### [Description of the task]
Using the records below, output the stretch that opens with the line containing "Białe Body z" and closes with the line containing "AUSTRALIA: 1975 Victorian", exactly and including both lines, with nothing more.
---------- Data excerpts ----------
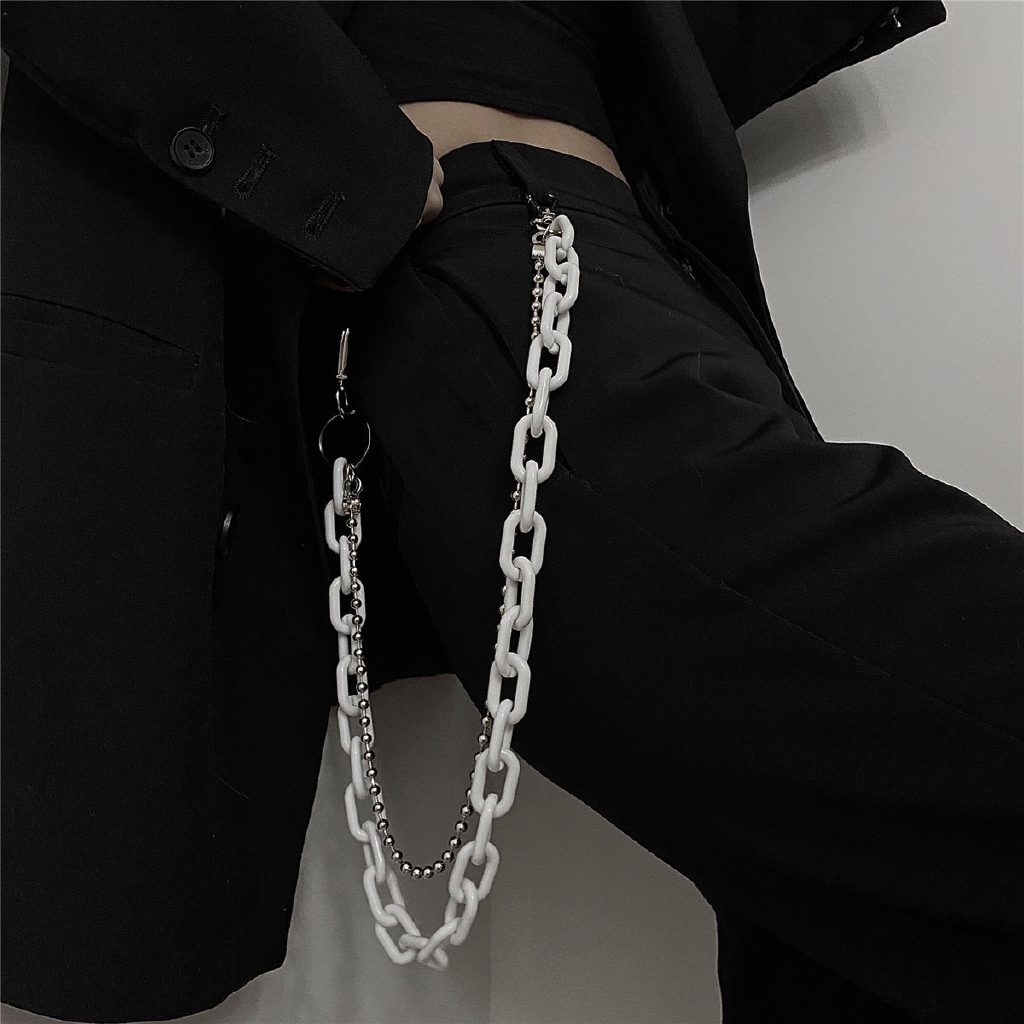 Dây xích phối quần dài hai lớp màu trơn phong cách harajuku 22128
----------
---------- Data excerpts ----------
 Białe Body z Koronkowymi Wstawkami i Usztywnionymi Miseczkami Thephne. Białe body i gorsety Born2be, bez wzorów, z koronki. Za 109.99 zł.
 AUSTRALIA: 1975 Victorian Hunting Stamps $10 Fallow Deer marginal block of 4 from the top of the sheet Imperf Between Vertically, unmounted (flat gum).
----------
---------- Data excerpts ----------
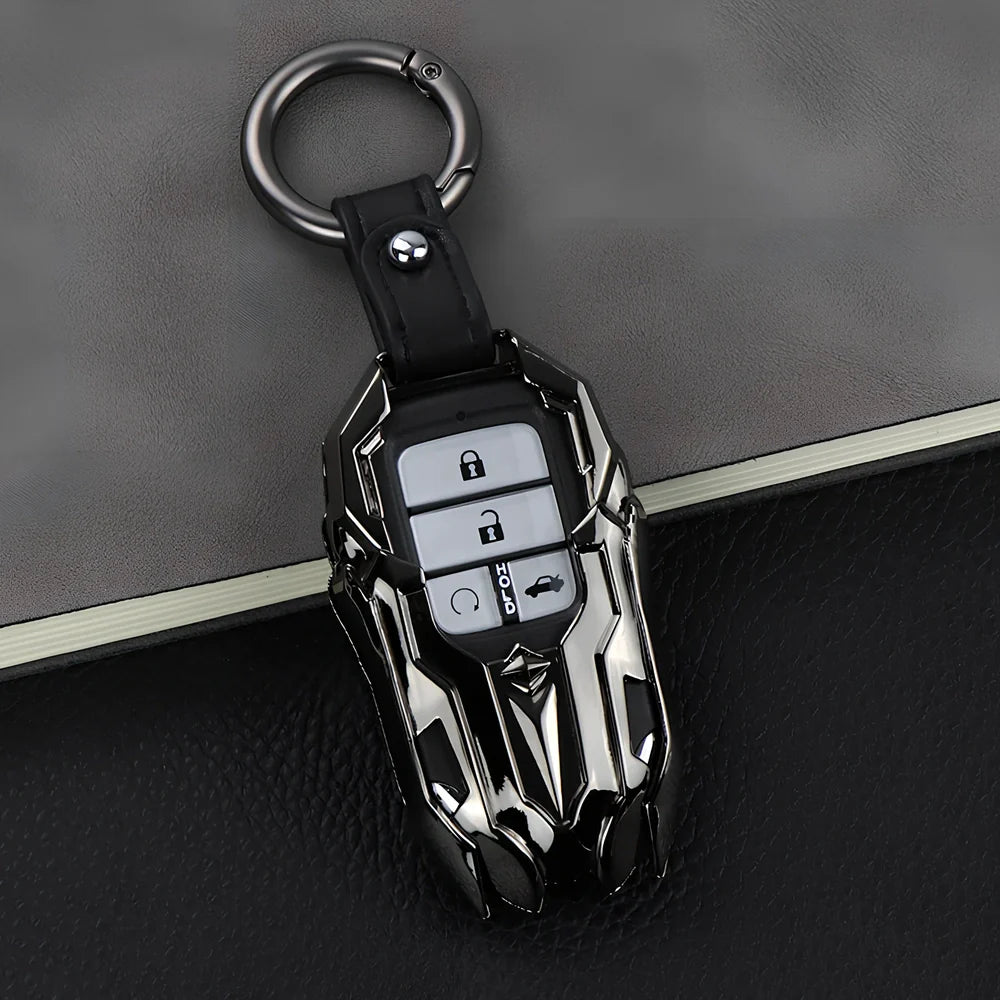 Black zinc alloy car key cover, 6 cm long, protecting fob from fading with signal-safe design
----------
### [Written solution]
 Białe Body z Koronkowymi Wstawkami i Usztywnionymi Miseczkami Thephne. Białe body i gorsety Born2be, bez wzorów, z koronki. Za 109.99 zł.
 AUSTRALIA: 1975 Victorian Hunting Stamps $10 Fallow Deer marginal block of 4 from the top of the sheet Imperf Between Vertically, unmounted (flat gum).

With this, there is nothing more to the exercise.